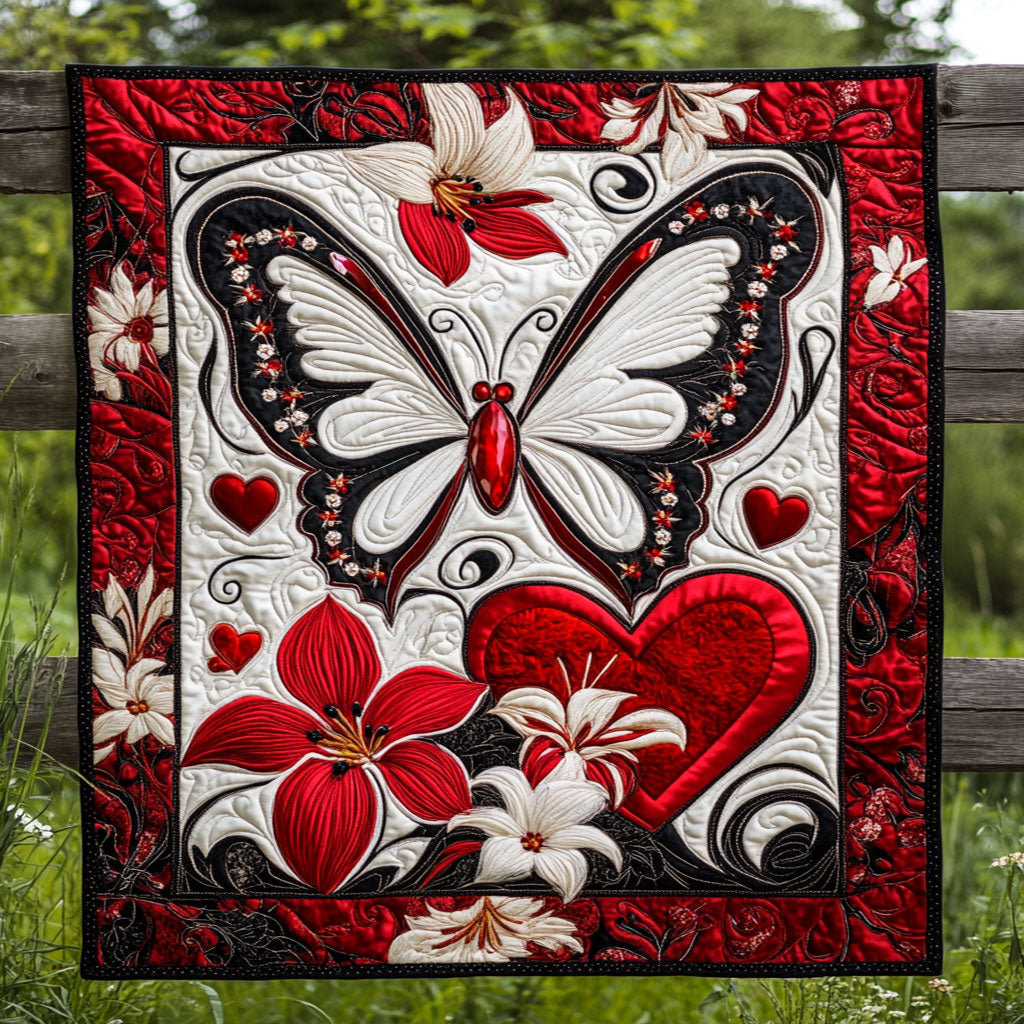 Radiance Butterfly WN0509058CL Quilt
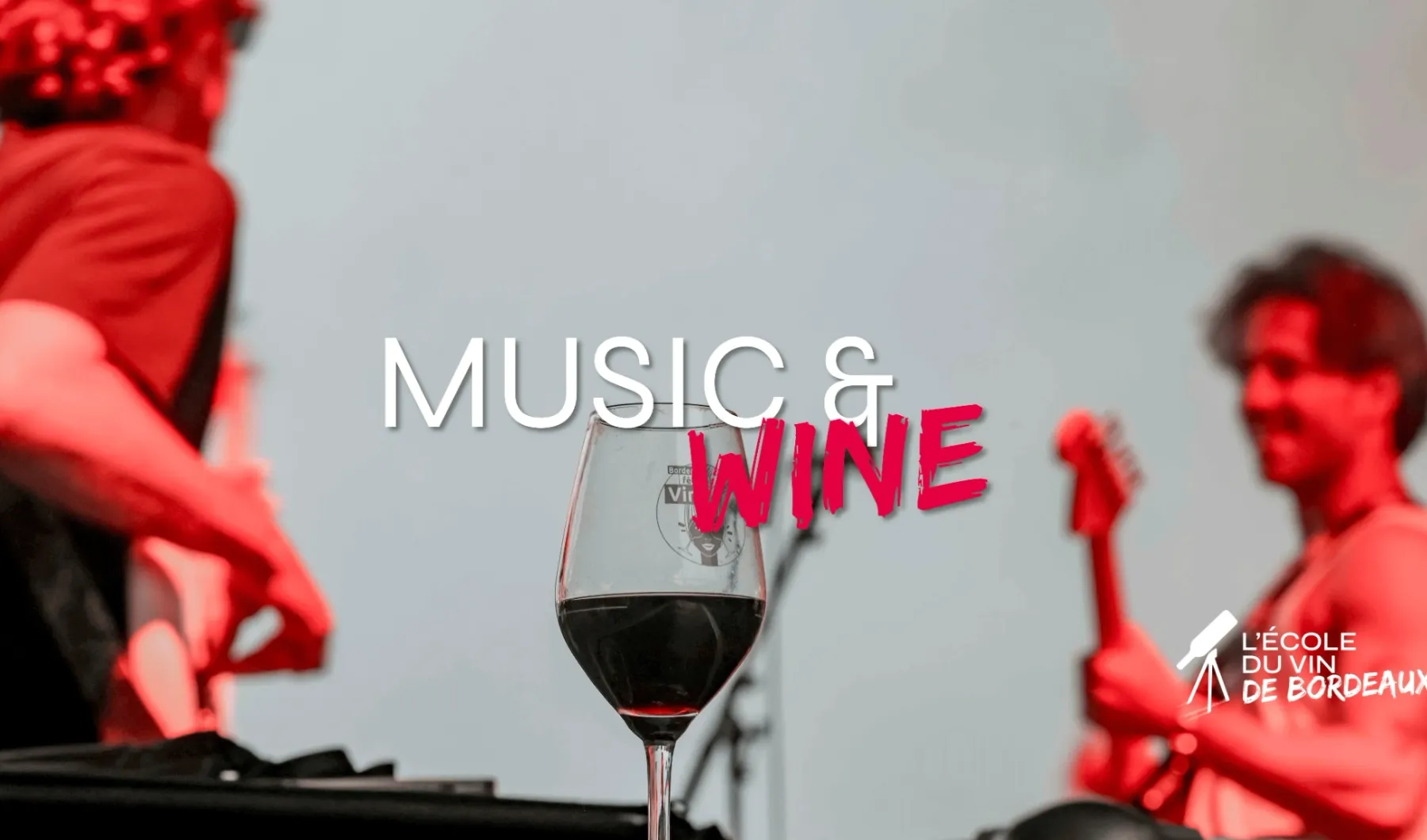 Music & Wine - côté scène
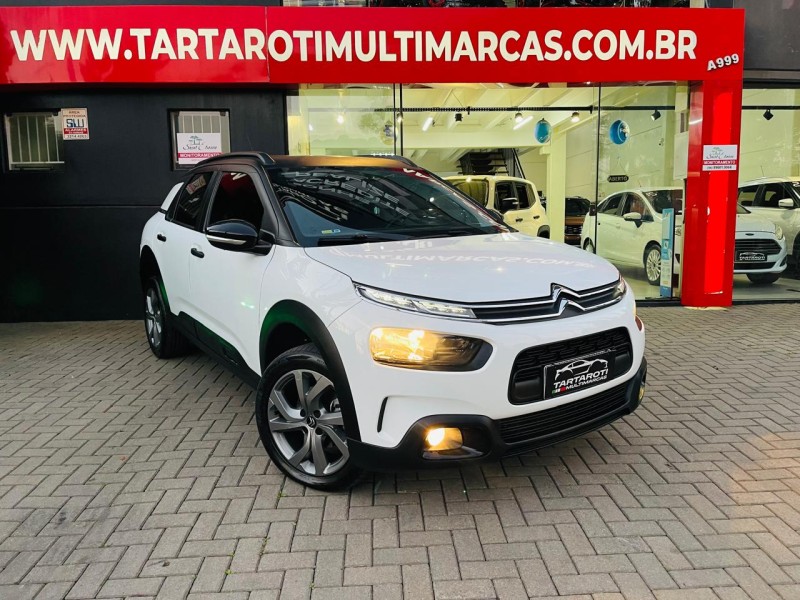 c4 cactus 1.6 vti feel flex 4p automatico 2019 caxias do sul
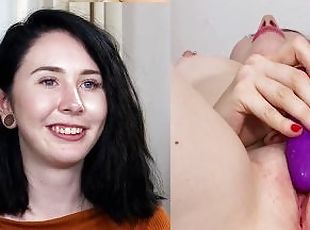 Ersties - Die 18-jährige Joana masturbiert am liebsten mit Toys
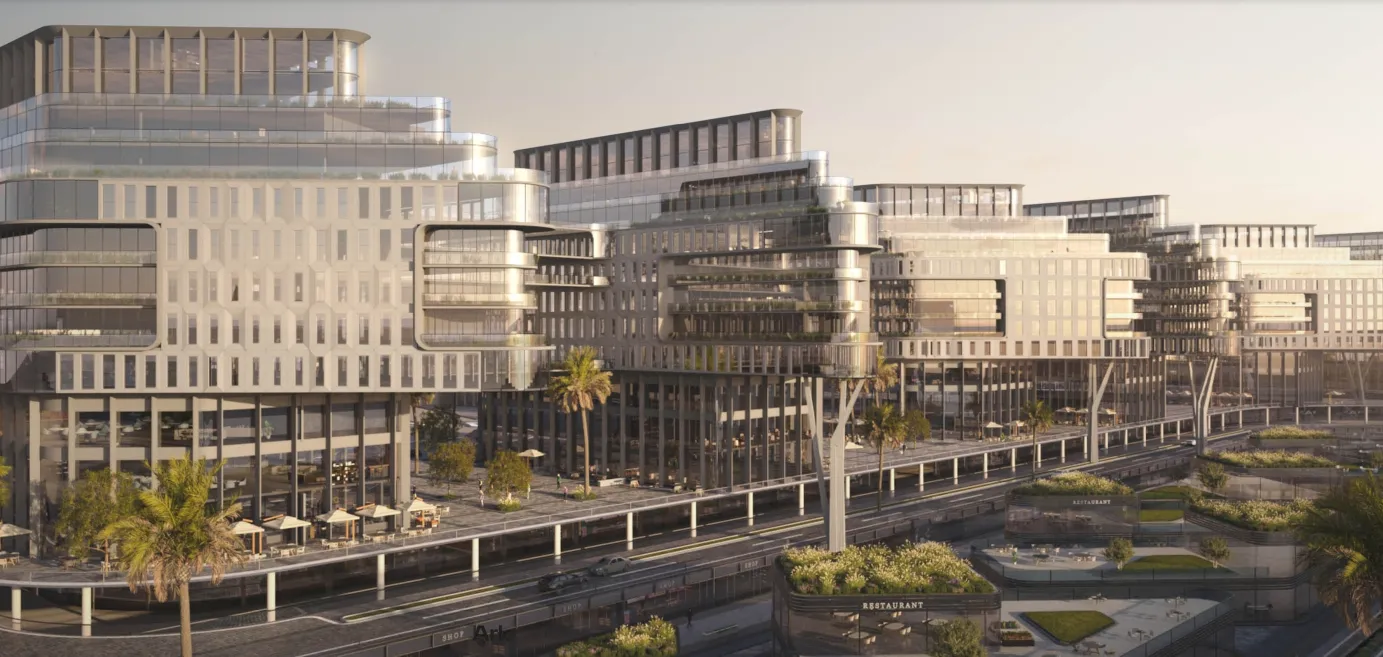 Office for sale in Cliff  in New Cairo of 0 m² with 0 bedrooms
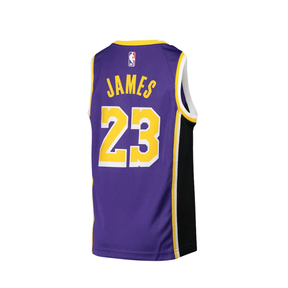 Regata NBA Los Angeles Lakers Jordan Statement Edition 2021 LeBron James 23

--

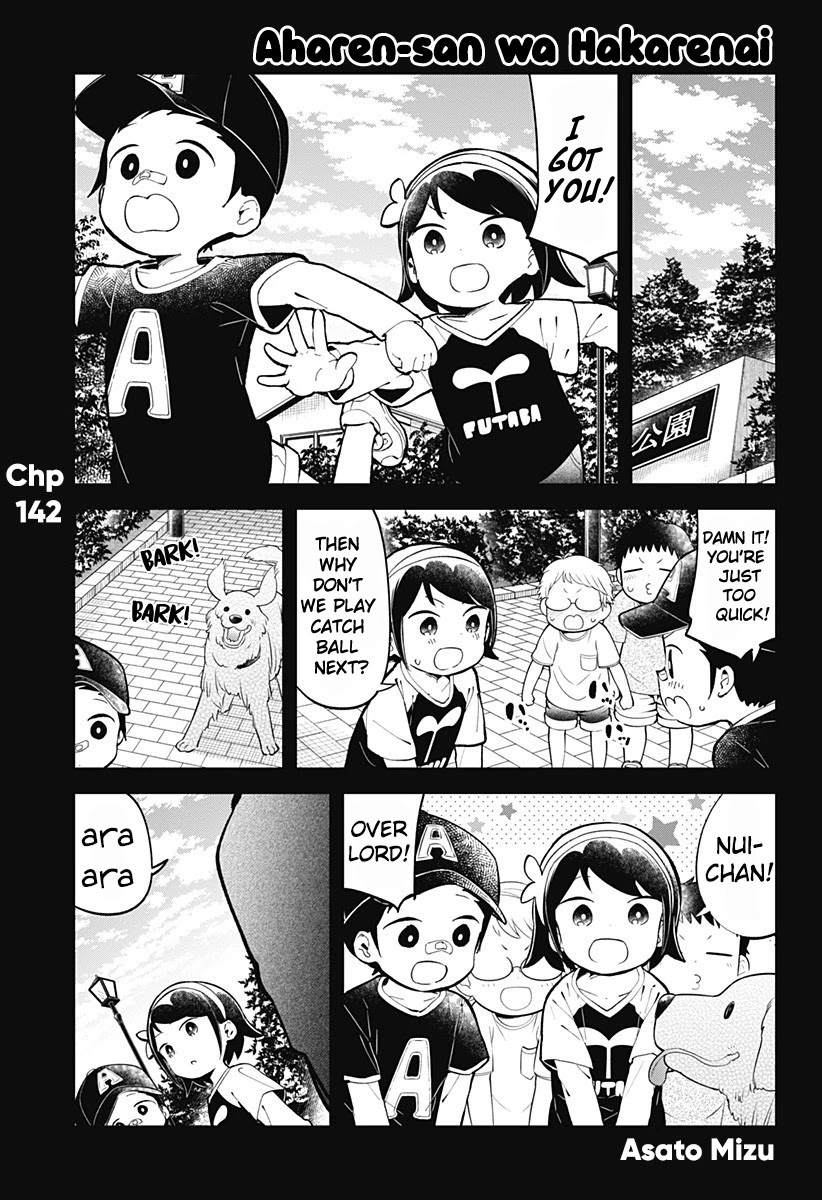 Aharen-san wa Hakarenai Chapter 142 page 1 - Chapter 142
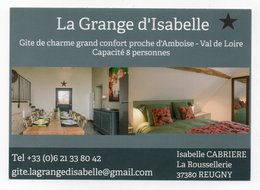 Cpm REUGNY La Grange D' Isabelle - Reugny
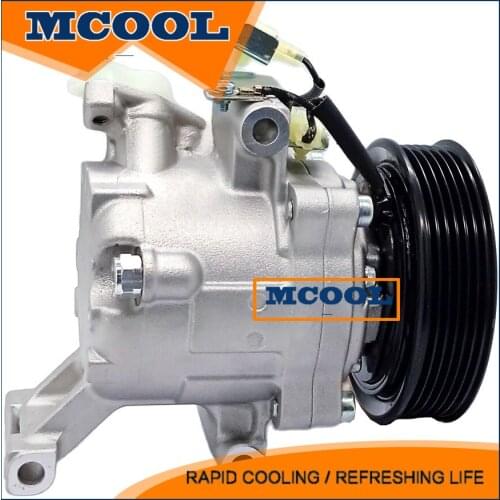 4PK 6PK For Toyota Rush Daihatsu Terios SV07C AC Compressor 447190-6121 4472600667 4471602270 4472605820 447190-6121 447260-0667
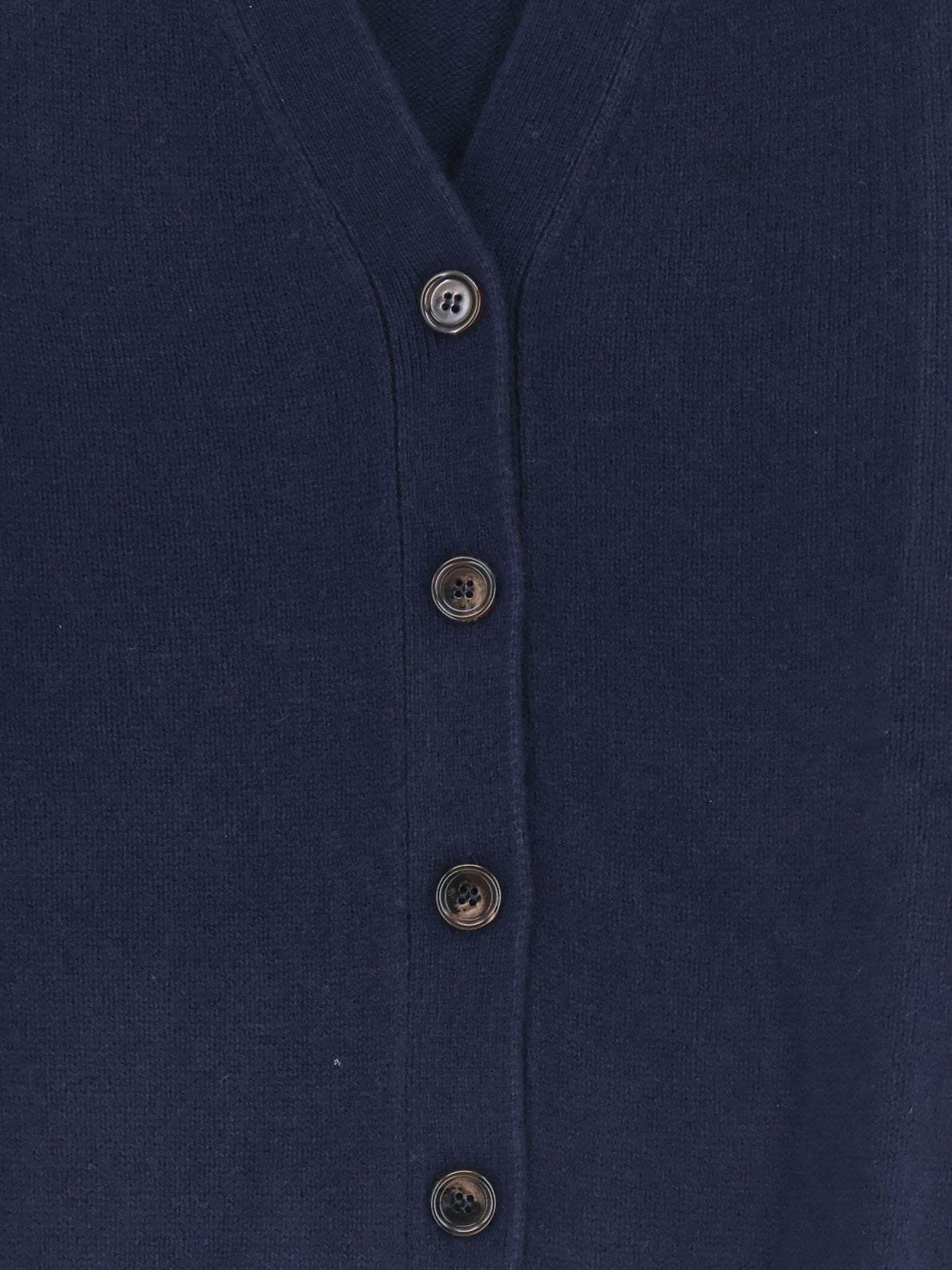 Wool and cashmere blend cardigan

* * *

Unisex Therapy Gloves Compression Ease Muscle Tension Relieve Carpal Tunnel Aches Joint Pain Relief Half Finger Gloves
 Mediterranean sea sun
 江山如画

What is being asked.
Set the pictures aside and reproduce exactly the lines above, from the line holding "Radiance Butterfly WN0509058CL Quilt" through the line holding "Office for sale", both included, with nothing else.

Result of this task.
 Radiance Butterfly WN0509058CL Quilt
 Music & Wine - côté scène
 c4 cactus 1.6 vti feel flex 4p automatico 2019 caxias do sul
 Ersties - Die 18-jährige Joana masturbiert am liebsten mit Toys
 Office for sale in Cliff  in New Cairo of 0 m² with 0 bedrooms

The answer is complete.